Claro. La opción más lógica: vender mi casa, mis muebles, el auto, todo… comprar una casa rodante y empezar una absurda aventura sobre ruedas. Desde el fin del mundo hasta Canadá, en ruta. Porque, claro, si de verdad quisiera ayudar, tomaría un avión. Pero no. Prefería alargar el sufrimiento. Y si la muerte me encontraba antes de llegar, bienvenida sea.
La idea era simple: viajar hasta quedarme sin dinero, parar en ciudades, hacer trabajos ocasionales para pagar nafta, arreglos, comida, lo básico. Eran casi 20.000 kilómetros. Y el dinero de la indemnización no iba a alcanzar.
Se estima que un viaje así toma entre seis y doce meses. Para mí… fue mucho más.
Porque algo cambió en el camino.
Fue en una ciudad extraña del norte argentino, por Salta, cerca de la frontera. Acababa de terminar un trabajo como ayudante de albañil. Estaba volviendo a mi casa rodante para descansar, y ahí los vi: dos chicos, una nena y un nene, de unos 10 o 12 años, jugando en la puerta.
—Che, ¿pueden irse a jugar a otro lado? —les dije.
Y entonces…
—Hermano —dijo la niña, sin siquiera mirarme—, para ser alguien que está por morir, alargás bastante el viaje.
—Exacto, hermana —dijo el nene—. Eligió el camino más largo para no llegar.
—¿Disculpen?
—Estamos hablando de vos, Pedro —me miraron a los ojos. Sentí un escalofrío que me recorrió entero.
—¿Cómo saben mi nombre? ¿Qué quieren?
—Sabemos todo.
—¿Por qué estás acá?
—¿Qué te trajo?
—¿Por qué murió tu familia?
—¿Por qué seguís vivo?
—¿Quiénes son ustedes? –dije molesto
—Yo soy Chamuel —dijo la niña.
—Y yo, Zadkiel —dijo el niño.
—Con esos nombres, está claro que sus padres los odiaban.

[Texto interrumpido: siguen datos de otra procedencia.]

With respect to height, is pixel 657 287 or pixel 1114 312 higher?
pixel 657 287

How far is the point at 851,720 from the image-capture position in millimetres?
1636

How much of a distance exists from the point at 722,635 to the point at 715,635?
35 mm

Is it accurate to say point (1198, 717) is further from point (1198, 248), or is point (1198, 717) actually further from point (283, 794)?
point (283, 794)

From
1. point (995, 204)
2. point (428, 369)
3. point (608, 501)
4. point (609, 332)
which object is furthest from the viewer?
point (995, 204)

—Nuestro padre es el mismo que el tuyo, Pedro. Y te necesita.
—Para empezar, me llamo Peter. Estoy yendo a un lugar donde nadie dice “Pedro”. Y segundo, soy hijo único, gracias.
—No hablamos de tu padre biológico —dijo Chamuel—. Hablamos del verdadero padre. El que está en el cielo.

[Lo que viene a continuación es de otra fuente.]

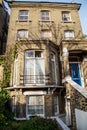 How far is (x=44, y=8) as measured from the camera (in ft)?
65.0

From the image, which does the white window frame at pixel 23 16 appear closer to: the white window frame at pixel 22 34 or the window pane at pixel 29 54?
the white window frame at pixel 22 34

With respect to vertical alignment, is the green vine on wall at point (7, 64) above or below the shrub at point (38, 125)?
above

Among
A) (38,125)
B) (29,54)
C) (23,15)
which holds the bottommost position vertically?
(38,125)

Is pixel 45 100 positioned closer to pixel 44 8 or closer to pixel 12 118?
pixel 12 118

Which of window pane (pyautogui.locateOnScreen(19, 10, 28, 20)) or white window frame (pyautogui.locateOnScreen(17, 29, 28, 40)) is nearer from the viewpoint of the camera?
white window frame (pyautogui.locateOnScreen(17, 29, 28, 40))

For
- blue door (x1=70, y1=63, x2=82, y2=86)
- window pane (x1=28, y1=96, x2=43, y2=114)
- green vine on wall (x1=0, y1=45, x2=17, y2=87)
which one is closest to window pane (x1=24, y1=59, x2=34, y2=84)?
window pane (x1=28, y1=96, x2=43, y2=114)

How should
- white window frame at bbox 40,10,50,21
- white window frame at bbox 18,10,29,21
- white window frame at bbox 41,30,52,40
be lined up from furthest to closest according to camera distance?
white window frame at bbox 40,10,50,21 → white window frame at bbox 18,10,29,21 → white window frame at bbox 41,30,52,40

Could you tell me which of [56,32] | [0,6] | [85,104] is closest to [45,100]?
[85,104]

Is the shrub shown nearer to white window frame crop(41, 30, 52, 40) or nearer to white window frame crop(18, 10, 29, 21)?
white window frame crop(41, 30, 52, 40)

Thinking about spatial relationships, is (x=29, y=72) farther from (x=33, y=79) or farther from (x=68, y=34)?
(x=68, y=34)

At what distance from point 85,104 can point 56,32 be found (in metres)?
11.9

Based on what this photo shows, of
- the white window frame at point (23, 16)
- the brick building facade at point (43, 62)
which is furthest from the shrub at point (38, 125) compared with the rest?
the white window frame at point (23, 16)

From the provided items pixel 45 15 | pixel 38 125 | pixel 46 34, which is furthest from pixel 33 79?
pixel 45 15

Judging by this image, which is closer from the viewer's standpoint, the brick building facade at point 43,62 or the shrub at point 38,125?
the shrub at point 38,125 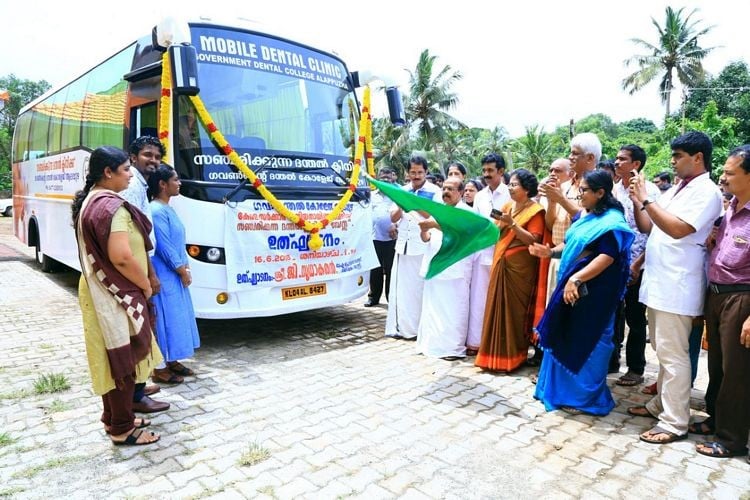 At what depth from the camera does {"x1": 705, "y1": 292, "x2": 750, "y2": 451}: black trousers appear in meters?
2.79

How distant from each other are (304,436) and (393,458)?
0.59 metres

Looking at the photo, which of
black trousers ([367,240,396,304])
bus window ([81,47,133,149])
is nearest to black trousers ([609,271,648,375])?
black trousers ([367,240,396,304])

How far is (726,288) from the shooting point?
2.84 m

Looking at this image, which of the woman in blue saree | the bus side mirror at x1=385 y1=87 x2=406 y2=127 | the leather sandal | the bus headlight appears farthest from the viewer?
the bus side mirror at x1=385 y1=87 x2=406 y2=127

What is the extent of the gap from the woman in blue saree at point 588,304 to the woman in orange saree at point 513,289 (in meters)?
0.64

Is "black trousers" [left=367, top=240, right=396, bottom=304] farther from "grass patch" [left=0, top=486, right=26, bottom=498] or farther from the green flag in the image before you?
"grass patch" [left=0, top=486, right=26, bottom=498]

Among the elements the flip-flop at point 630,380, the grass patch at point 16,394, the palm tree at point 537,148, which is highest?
the palm tree at point 537,148

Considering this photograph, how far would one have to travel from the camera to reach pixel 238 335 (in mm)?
5371

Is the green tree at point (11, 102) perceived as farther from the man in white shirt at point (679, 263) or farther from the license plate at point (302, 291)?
the man in white shirt at point (679, 263)

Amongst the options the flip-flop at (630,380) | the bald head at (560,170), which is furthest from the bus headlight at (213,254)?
the flip-flop at (630,380)

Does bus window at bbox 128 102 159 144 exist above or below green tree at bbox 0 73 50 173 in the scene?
below

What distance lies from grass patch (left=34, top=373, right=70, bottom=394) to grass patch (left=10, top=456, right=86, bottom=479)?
1152 mm

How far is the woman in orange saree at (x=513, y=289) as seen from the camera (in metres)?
4.15

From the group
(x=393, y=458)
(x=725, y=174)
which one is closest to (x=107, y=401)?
(x=393, y=458)
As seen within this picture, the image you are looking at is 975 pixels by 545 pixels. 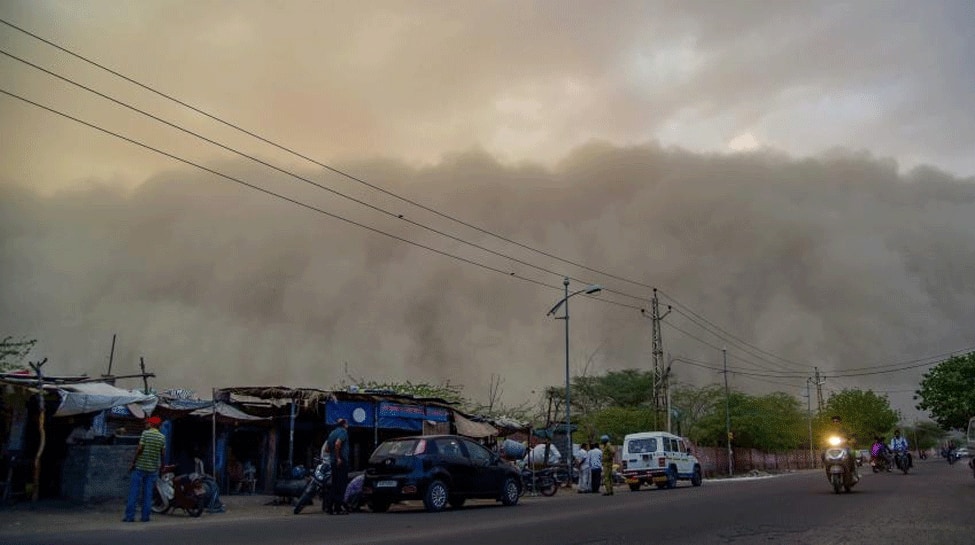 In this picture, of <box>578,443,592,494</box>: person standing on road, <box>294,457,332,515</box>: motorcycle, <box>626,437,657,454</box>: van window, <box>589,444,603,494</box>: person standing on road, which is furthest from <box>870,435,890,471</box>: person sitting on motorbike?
<box>294,457,332,515</box>: motorcycle

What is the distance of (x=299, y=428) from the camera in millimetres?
24844

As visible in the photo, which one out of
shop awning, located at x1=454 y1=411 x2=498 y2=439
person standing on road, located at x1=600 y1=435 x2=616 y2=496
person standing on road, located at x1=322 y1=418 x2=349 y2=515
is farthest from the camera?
shop awning, located at x1=454 y1=411 x2=498 y2=439

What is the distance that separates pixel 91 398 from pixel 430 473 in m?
7.90

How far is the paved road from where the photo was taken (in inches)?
384

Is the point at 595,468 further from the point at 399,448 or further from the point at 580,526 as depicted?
the point at 580,526

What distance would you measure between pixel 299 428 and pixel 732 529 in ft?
56.2

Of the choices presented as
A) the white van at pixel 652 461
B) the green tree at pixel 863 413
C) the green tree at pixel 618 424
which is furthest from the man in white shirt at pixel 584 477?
the green tree at pixel 863 413

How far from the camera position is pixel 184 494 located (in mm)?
15297

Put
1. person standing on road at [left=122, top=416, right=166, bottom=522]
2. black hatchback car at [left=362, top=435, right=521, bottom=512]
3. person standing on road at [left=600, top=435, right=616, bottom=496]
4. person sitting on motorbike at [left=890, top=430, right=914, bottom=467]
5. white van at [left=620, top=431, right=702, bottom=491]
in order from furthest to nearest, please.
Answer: person sitting on motorbike at [left=890, top=430, right=914, bottom=467] < white van at [left=620, top=431, right=702, bottom=491] < person standing on road at [left=600, top=435, right=616, bottom=496] < black hatchback car at [left=362, top=435, right=521, bottom=512] < person standing on road at [left=122, top=416, right=166, bottom=522]

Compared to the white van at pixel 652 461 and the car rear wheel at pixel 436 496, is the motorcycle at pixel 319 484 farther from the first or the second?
the white van at pixel 652 461

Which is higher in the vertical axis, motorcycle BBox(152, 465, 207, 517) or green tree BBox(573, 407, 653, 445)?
green tree BBox(573, 407, 653, 445)

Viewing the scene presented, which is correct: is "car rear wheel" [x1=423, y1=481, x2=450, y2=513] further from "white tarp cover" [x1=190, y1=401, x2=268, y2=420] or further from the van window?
the van window

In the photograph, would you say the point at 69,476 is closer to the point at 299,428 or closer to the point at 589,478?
the point at 299,428

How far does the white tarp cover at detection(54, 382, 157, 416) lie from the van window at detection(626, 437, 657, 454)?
1859 cm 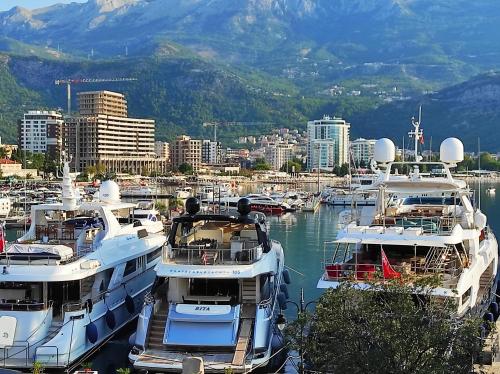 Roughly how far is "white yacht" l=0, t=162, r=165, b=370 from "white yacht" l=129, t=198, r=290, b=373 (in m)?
1.92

—Ahhh, ese padre… Decile que gracias por aparecer ahora y no cuando más lo necesitaba.
Entré en mi casa rodante sin esperar respuesta. Pero ahí estaban. También adentro.
—El Padre te necesita. Y nosotros, como sus mensajeros, debemos darte el mensaje.

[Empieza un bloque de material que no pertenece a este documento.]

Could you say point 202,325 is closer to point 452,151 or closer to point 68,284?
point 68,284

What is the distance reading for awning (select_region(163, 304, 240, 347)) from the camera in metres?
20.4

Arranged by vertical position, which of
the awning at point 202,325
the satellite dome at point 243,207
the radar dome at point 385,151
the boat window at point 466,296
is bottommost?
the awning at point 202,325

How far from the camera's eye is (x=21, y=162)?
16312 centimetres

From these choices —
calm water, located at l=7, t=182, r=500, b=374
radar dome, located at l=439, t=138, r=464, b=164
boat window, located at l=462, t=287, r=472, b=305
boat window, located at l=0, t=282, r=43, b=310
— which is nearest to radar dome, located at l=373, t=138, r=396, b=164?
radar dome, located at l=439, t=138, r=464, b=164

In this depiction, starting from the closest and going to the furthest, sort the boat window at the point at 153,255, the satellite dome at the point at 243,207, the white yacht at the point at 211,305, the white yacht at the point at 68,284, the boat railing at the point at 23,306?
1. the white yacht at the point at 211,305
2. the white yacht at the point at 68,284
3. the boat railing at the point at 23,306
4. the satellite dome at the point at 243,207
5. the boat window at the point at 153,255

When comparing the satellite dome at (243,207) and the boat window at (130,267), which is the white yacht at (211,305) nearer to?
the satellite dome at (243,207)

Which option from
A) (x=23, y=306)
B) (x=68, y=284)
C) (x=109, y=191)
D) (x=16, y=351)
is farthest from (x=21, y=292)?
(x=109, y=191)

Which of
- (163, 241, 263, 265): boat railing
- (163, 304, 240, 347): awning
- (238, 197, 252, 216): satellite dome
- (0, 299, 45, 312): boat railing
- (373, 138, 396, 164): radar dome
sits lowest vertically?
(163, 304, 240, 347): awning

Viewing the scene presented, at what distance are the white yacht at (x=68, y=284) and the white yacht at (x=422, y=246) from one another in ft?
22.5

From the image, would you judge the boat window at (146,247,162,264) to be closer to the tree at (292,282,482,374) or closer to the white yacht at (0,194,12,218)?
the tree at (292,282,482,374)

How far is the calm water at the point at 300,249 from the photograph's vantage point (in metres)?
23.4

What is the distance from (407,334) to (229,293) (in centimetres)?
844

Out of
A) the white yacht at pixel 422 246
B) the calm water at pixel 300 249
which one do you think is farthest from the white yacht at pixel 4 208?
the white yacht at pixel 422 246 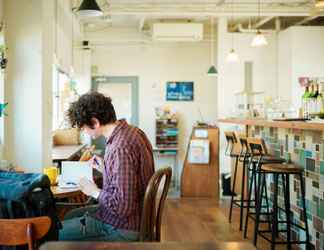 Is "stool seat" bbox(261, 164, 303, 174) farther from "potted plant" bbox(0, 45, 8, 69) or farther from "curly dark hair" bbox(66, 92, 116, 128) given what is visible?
"potted plant" bbox(0, 45, 8, 69)

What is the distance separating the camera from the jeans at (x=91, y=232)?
7.44ft

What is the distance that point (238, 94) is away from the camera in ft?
23.5

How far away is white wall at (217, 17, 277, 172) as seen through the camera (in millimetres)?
7285

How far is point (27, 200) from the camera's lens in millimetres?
1991

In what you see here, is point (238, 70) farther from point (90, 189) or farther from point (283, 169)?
point (90, 189)

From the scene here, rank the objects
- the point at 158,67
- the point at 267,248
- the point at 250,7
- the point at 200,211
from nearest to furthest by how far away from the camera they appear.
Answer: the point at 267,248
the point at 200,211
the point at 250,7
the point at 158,67

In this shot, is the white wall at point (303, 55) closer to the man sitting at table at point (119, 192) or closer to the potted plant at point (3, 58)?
the potted plant at point (3, 58)

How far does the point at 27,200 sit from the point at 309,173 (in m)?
2.72

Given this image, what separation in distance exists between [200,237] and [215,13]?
370 cm

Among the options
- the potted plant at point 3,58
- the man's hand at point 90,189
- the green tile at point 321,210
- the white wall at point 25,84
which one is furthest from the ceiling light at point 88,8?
the green tile at point 321,210

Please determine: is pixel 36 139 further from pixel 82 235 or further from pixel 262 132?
pixel 262 132

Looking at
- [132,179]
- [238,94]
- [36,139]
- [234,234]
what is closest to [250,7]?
[238,94]

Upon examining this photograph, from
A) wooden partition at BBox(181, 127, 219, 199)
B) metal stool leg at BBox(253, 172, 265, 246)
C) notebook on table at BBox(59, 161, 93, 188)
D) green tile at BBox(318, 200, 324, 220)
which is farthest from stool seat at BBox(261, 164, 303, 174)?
wooden partition at BBox(181, 127, 219, 199)

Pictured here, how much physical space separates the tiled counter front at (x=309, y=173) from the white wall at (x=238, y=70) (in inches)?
105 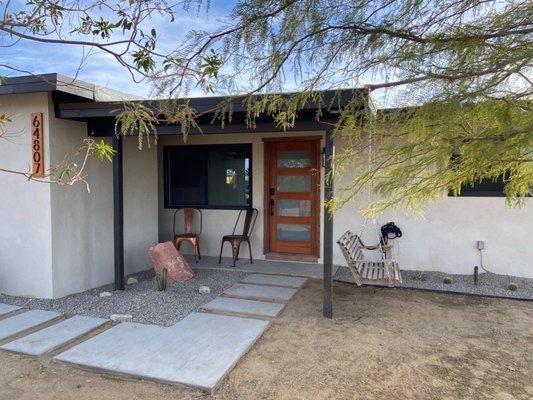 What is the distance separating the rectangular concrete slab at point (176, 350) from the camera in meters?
2.84

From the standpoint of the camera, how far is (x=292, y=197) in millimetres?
6430

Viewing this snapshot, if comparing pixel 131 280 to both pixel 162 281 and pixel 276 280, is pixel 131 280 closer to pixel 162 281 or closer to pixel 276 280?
pixel 162 281

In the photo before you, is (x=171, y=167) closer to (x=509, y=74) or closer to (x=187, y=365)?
(x=187, y=365)

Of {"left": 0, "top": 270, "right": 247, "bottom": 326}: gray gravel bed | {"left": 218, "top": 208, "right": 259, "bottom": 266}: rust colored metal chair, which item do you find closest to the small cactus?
{"left": 0, "top": 270, "right": 247, "bottom": 326}: gray gravel bed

—Él te necesita. Y vos también lo necesitás a Él.
—¿Cómo entraron? ¿Quiénes son? ¡Mensajeros de Dios! Solo recuerdo a tres arcángeles.
—Te falta cultura.
—Somos siete hermanos. Los siete mensajeros.
—Supongamos que les creo… ¿qué quiere Dios de mí?
—¡Un avance! Entonces podemos decir que aceptaste.